フラー

バックミンスター・フラーの「4D TIME LOCK」を解錠する

ワタリウム美術館3階にバックミンスター・フラー(1895—1983)が描いた「4D TIME LOCK」の絵が展示されている(古今東西100人展)。地球にタイムロックという看板が張り付き、砂時計が宙に浮いている、そして砂時計に、大型金庫を解錠するとき、回転して番号合わせをするツマミがついている。そして、ツマミに4Dという文字がある。フラーは「宇宙船地球号」こそが、人類がもっている最大の富(恵み)であること掲げている。そして太陽から与えられた富(恵み)を効率よく平等に配分すれば、人類の生存は持続可能であると確信していた。

TIME LOCKは一般的には時限錠と訳される。フラーの哲学に技術が追いついたとき、カチッと音を立てて「4D」と合わせれば、つまり、法則としての4Dを発見すれば、解錠して、宇宙船地球号にはいれますよ、というメッセージが、この絵の中に見えてくる。1982年10月25日、当時87才のフラーがワタリウム美術館で「いま、必要なことは選択の道があるということに気づくことだ。宇宙のデザインの法則を手に入れる道は開かれている。問題は制度としての政治や宗教における人間ではなく、個人としての人間が法則の発見者たりうるかということに尽きる。」と熱く語ったそうだ。「だれか」ではなく、「わたし」が法則の発見の当事者の一人になるべく、行動できるだろうか。

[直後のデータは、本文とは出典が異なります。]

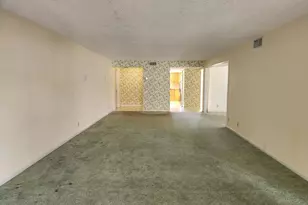 3100 SE Pruitt Rd, Port Saint Lucie, FL 34952 - Photo 7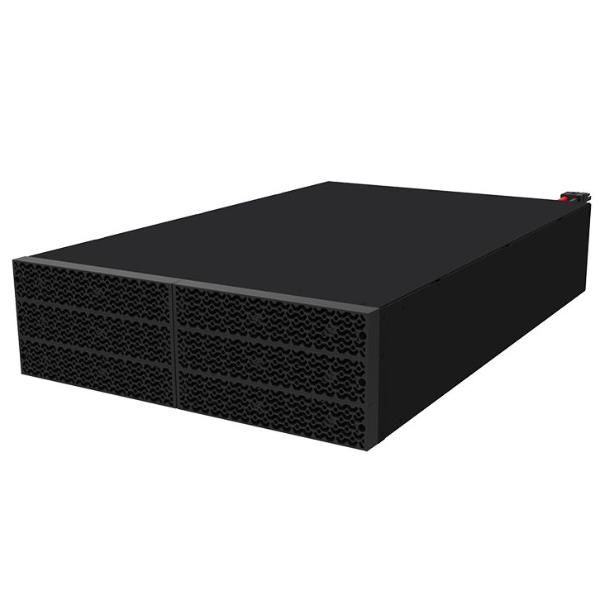 LEGRAND CABINET BATTERIA KEOR DK 10KVA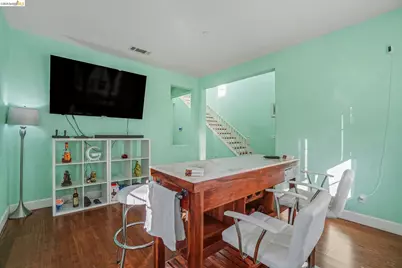 618 Poplar Ct, Oakley, CA 94561 - Photo 6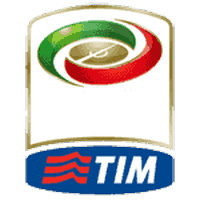 Answer serie a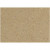 Recycled karton, vel 46x64 cm,  225 gr, 125vellen [HOB-20510]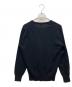 CELINE (セリーヌ) カシミヤニット ブラック サイズ:不明：6000円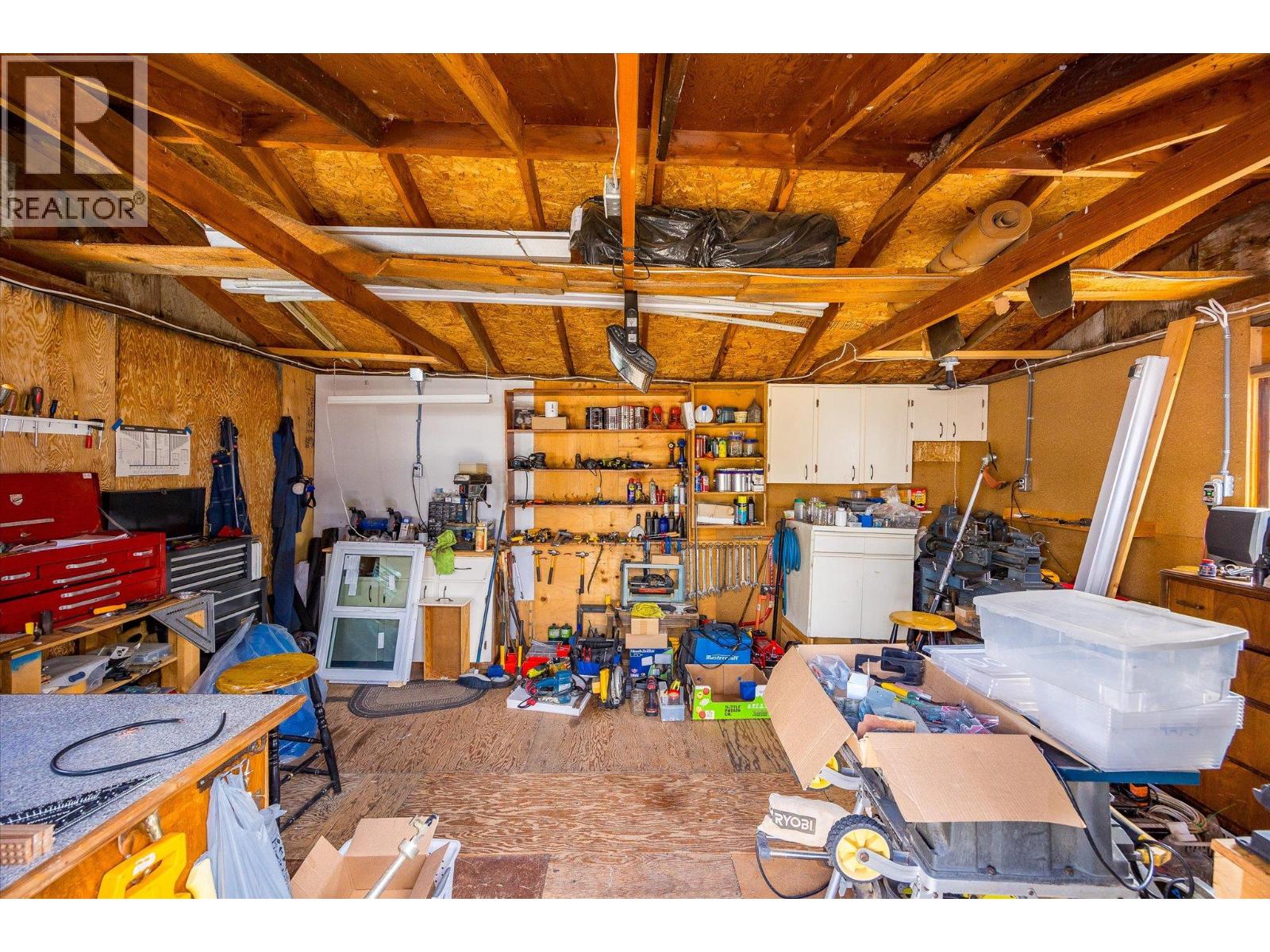 515 Philpott Road, Okanagan Falls, British Columbia  V0H 1R5 - Photo 53 - 10378628
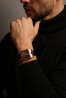 náhled Corum Golden Bridge 313.165.55/0002 GL10R 2308369 CO114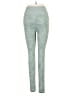 Gymshark Green Casual Pants Size S (estimated) - photo 2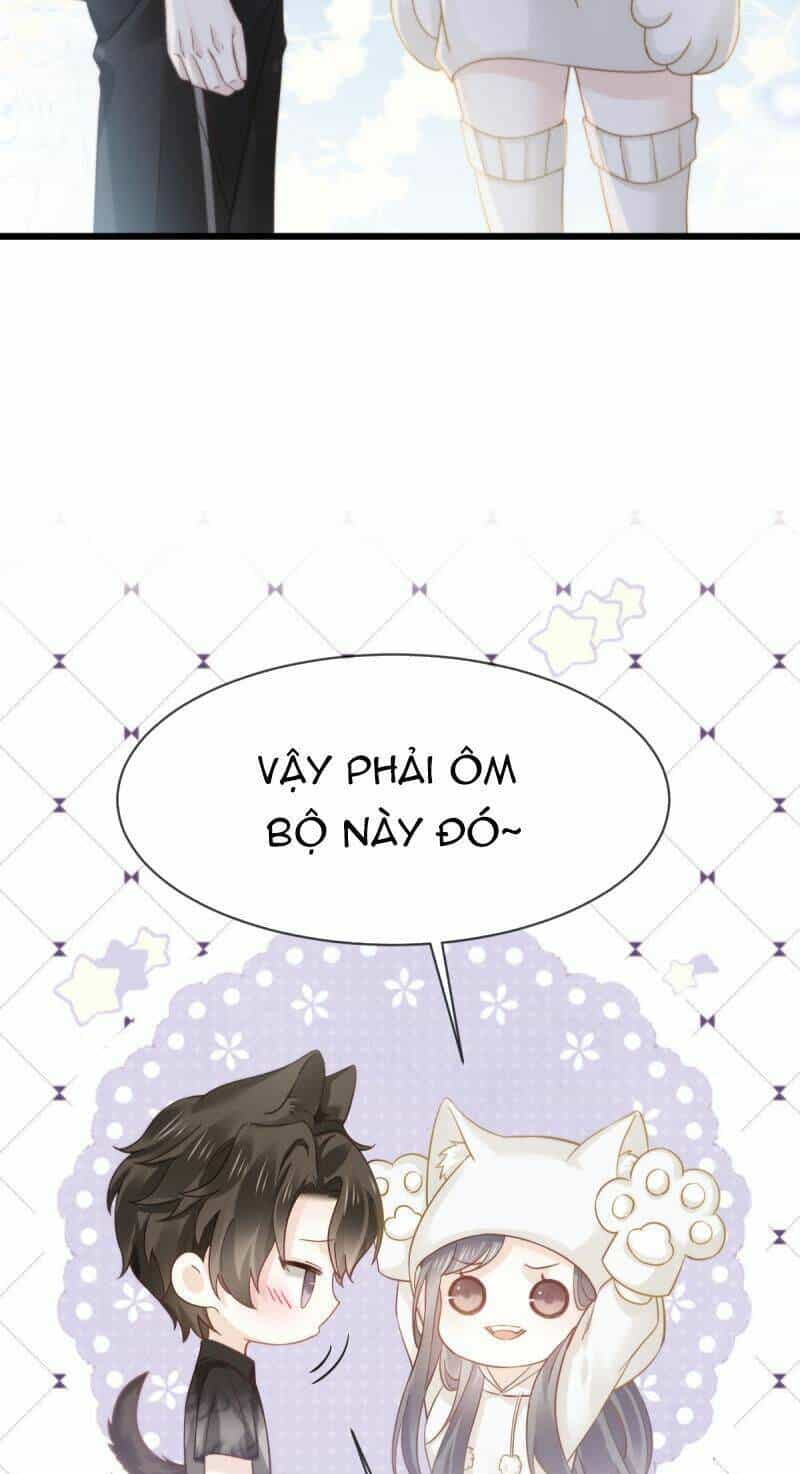 Đỉnh Lưu Niên Hạ Thèm Muốn Tôi Đã Lâu - Chương 25 - ảnh 10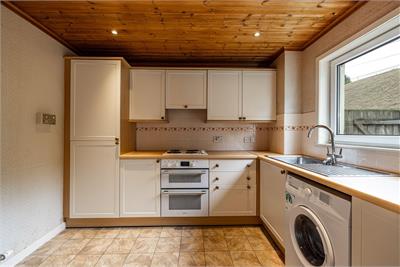 26 Mayfield Drive, Hawick, TD9 7EW - image 5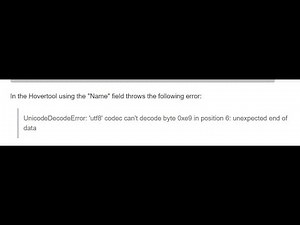 importing csv file using jupyter notebook UTF-8 problem, solved!!!
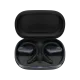 Edifier Comfo Flex Earbuds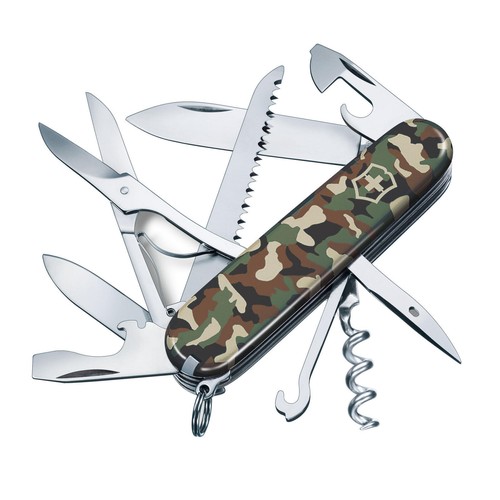 Victorinox schweizer - victorinox,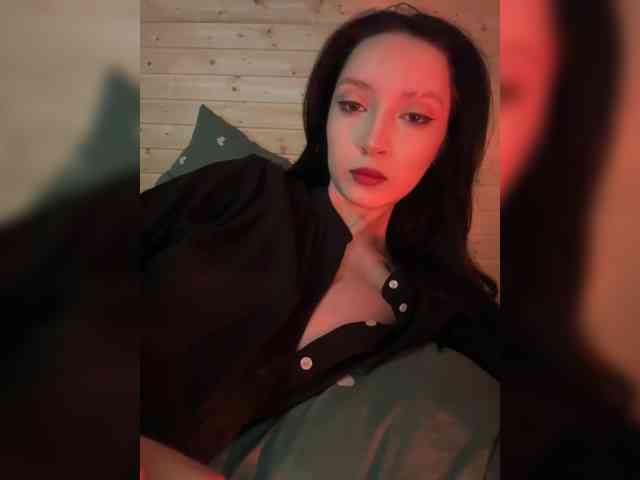 Sonyya-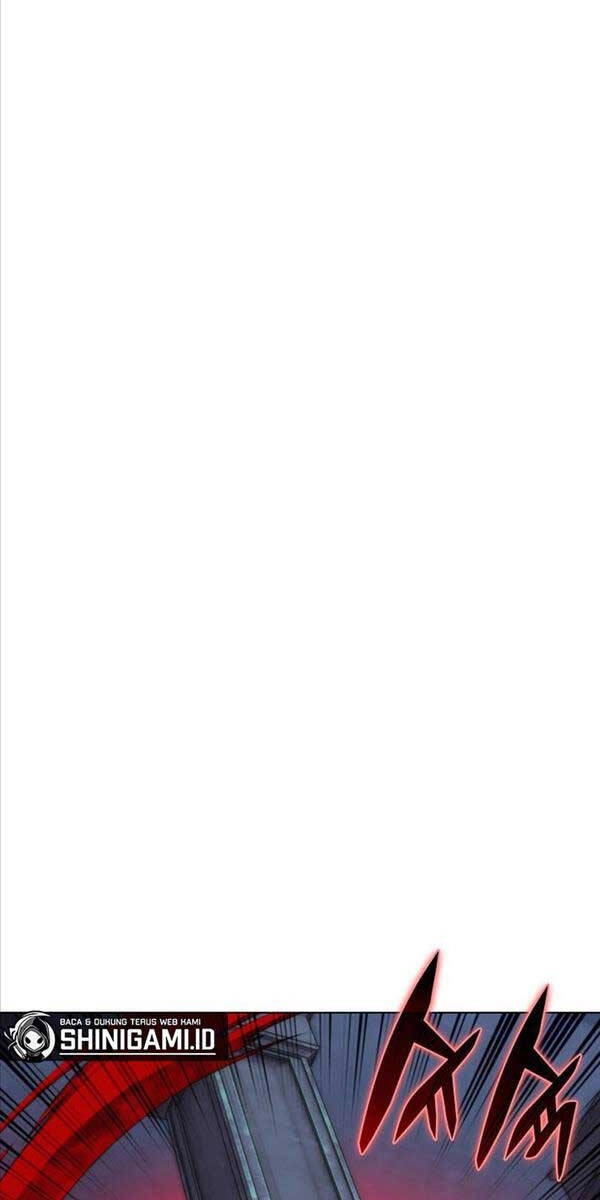 Thợ Rèn Huyền Thoại Chapter 193 - 35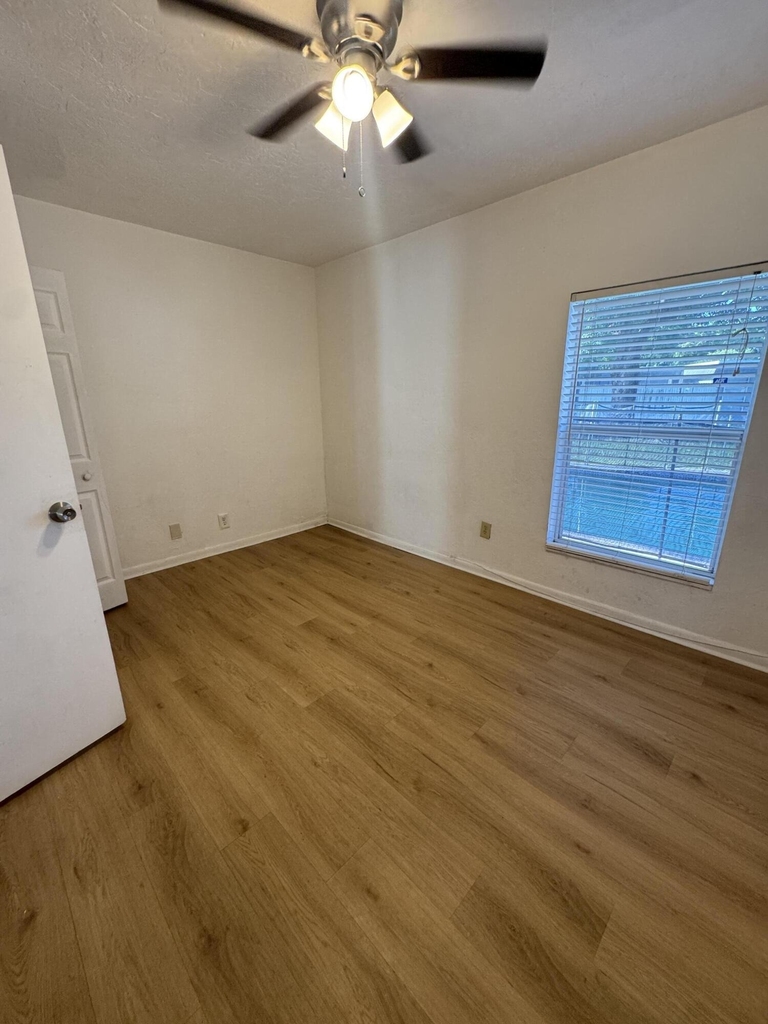 7816 Nw 70th Terrace - Photo 26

Dの一つはダイマクション(Dymaxion)だろう。フラー自身の定義は見つけられなかったが、富(恵み)を無駄なく、最も効率的に時間をつかって人類に配分する技術、または法則の総体がダイマクションだと思われる。構造家のフラーは、最小費用、最小施工期間、最小限の材料で強度のでるトラス構造体を考案している。ツェッペリン飛行船で世界のどこにでも運べるという軽量の塔状プレハブの集合住宅「4Dハウス」、ダイマクションカー、ジオデシック・ドームもこの構造体である。

つぎのDは、フラーの著書4Dハウスの中にあるDELIGHT(喜びに満ちている)だろう(4つのL・ight・・明るく、喜びに満ちていて、軽く、そしてフラーがつくる家)。

宇宙船地球号のドアを解錠するあとの2つのDは、私の中では未発見であるが、Disarm=武装解除、Diversity=多様性、などを当てはめて考えたい。